# What needs to be done:
Among the entries below, retype exactly the lines starting with the one with "An incredible underwater" and going on through the one with "A Brights of", but not the pictures.

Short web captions
§ §
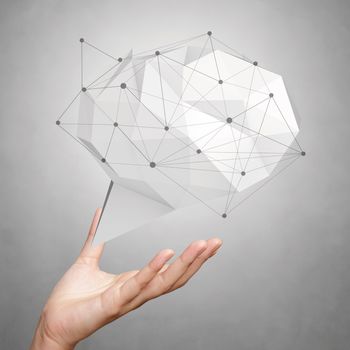 hand showing low poly geometric speech bubble with social media structure on white background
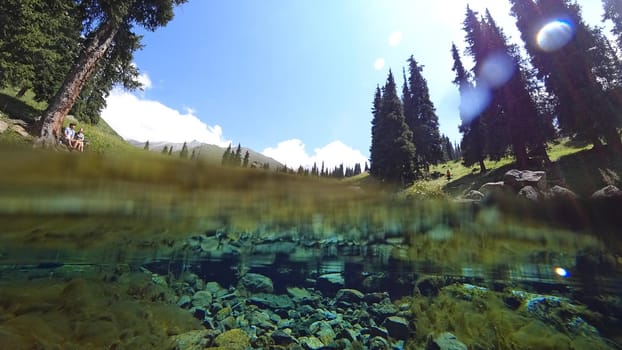 An incredible underwater world of a mountain river. Crystal clear clear water. Yellow rocks and green-brown algae. The rays of light are refracted into a blue color in the distance. An unusual world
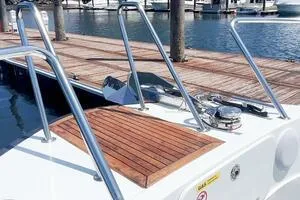 Slide: The Image of 2022 Targa 32 boat docked at marina with wooden deck and metal railings. - 9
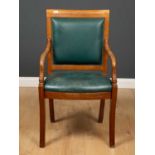A Brights of Nettlebed carved oak and green leather upholstered desk chair, with foliate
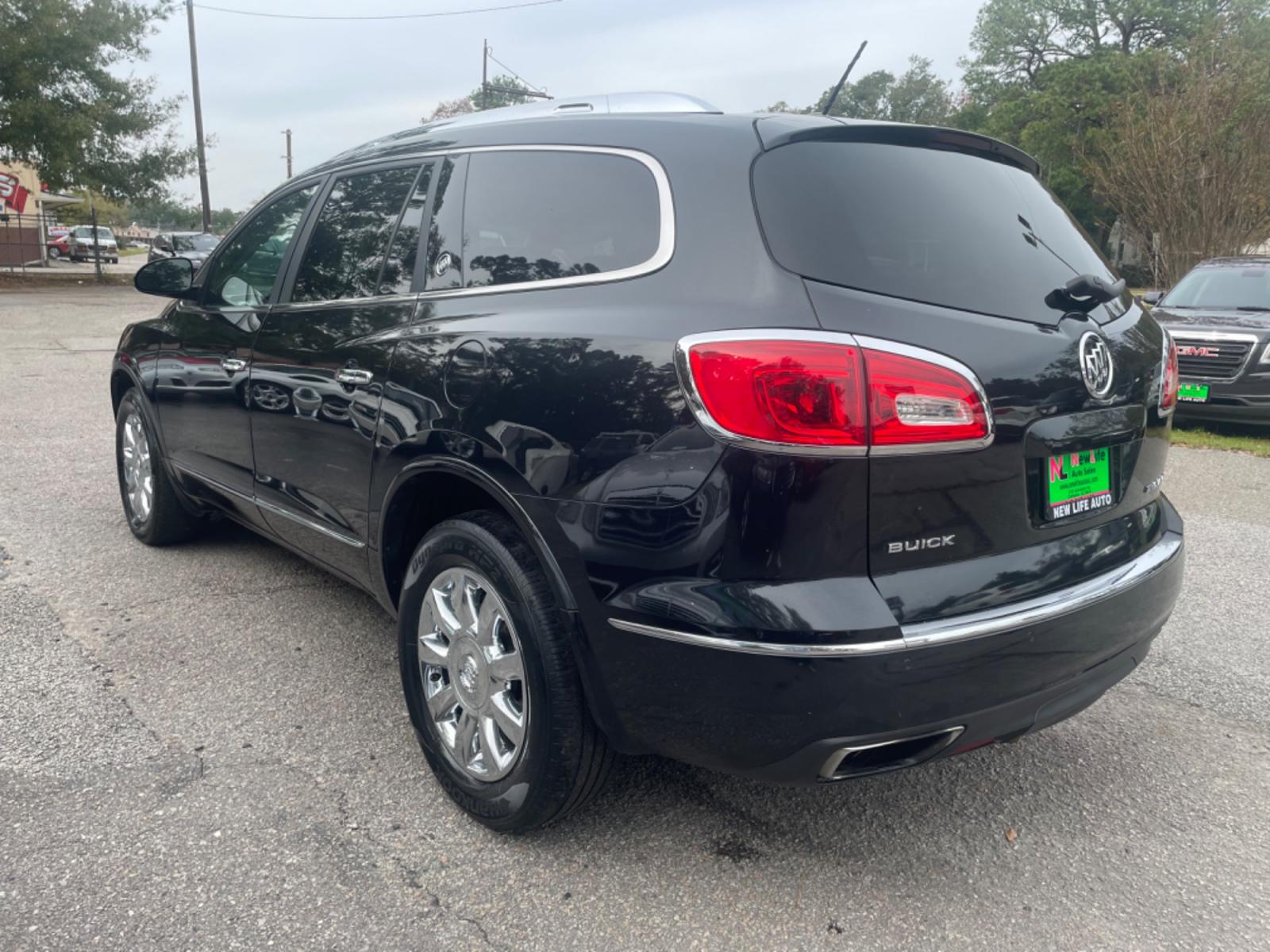 2014 BLACK BUICK ENCLAVE (5GAKRBKD4EJ) with an 3.6L engine, Automatic transmission, located at 5103 Dorchester Rd., Charleston, SC, 29418-5607, (843) 767-1122, 36.245171, -115.228050 - Leather interior with Navigation, Backup Camera, Bose Stereo with CD/AUX/Sat/Bluetooth, Dual Climate Control, Power Everything (windows, locks, seats, mirrors), Heated/Memory Seating, Rear Climate Control, Power Liftgate, 3rd Row with Middle Captains Row, Keyless Entry, Chrome Wheels. Clean CarFax ( - Photo #4
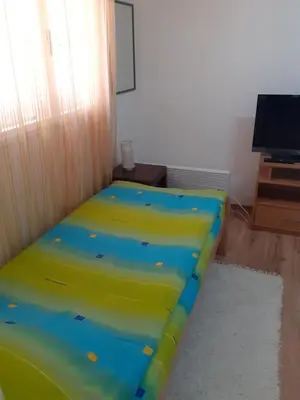 a bed in a room with a yellow and blue at Smestaj Stankovic in Soko Banja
§ §
# Answer to this problem:
 An incredible underwater world of a mountain river. Crystal clear clear water. Yellow rocks and green-brown algae. The rays of light are refracted into a blue color in the distance. An unusual world
 Slide: The Image of 2022 Targa 32 boat docked at marina with wooden deck and metal railings. - 9
A Brights of Nettlebed carved oak and green leather upholstered desk chair, with foliate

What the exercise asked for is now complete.